RECORDED DATA -
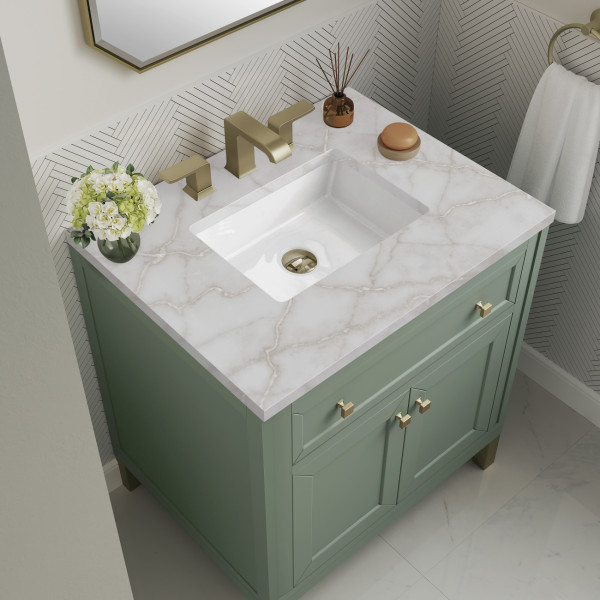 James Martin 305-V30-SC-3VSL Smokey Celadon Single Vanity Victorian Silver Top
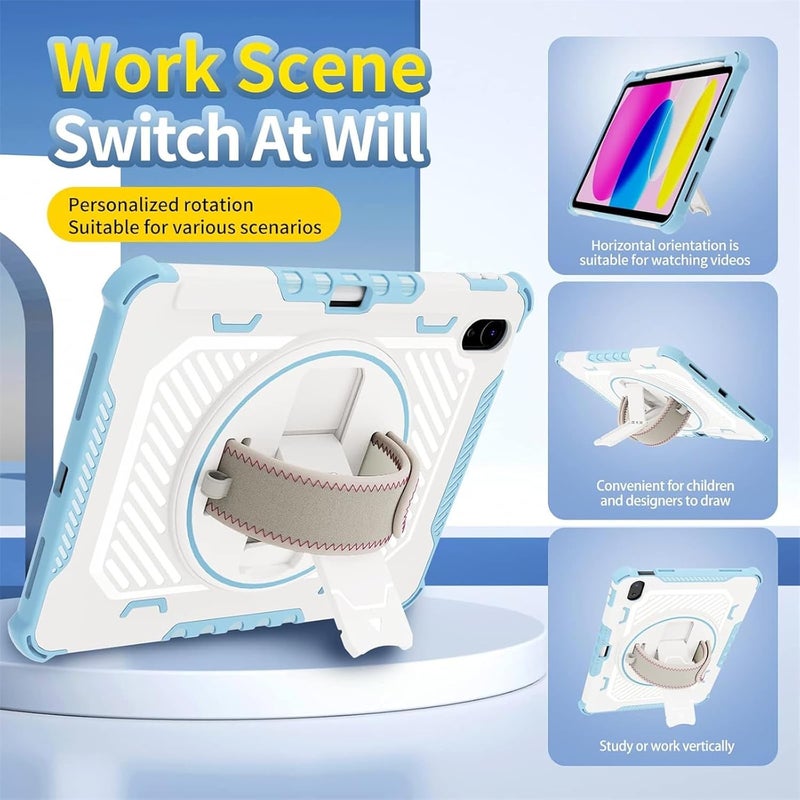 Motim Shockproof Case With Pencil Holder,Dual Layer Heavy Duty Protective Case Cover For Ipad Pro 12.9 2018/2020/2021/2022, W 360° Stand Hand Strap,Green - Image 2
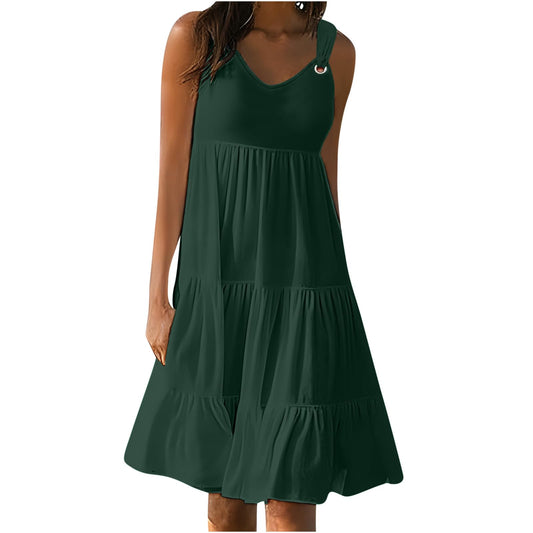 Anjikang cheap womens clothes Summer Dresses for Women 𝟮𝟬𝟮𝟰 Sleeveless Beach Tank Dresses Tiered Ruffle Swing Dress Casual Solid Color Dresses, Large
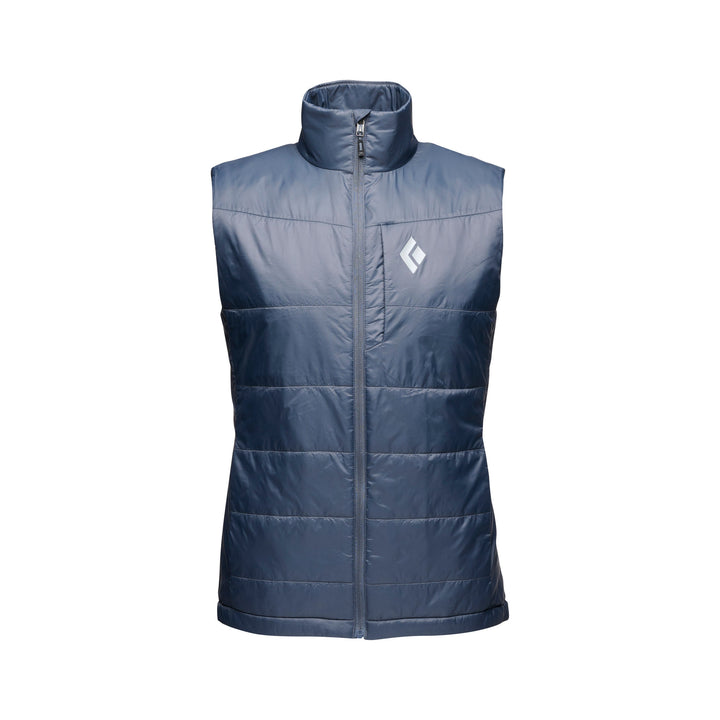 Black Diamond Men’s Solution 2.0 Vest with lightweight synthetic insulation, stretch-woven outer fabric, full-zip design, and athletic performance fit. Charcoal colour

DIRECTIONS - Exactly the lines from the top of the listing through the line holding "Anjikang cheap womens" should be repeated, with pictures left out.

RESULT FOR THIS TASK -
 James Martin 305-V30-SC-3VSL Smokey Celadon Single Vanity Victorian Silver Top
 Motim Shockproof Case With Pencil Holder,Dual Layer Heavy Duty Protective Case Cover For Ipad Pro 12.9 2018/2020/2021/2022, W 360° Stand Hand Strap,Green - Image 2
 Anjikang cheap womens clothes Summer Dresses for Women 𝟮𝟬𝟮𝟰 Sleeveless Beach Tank Dresses Tiered Ruffle Swing Dress Casual Solid Color Dresses, Large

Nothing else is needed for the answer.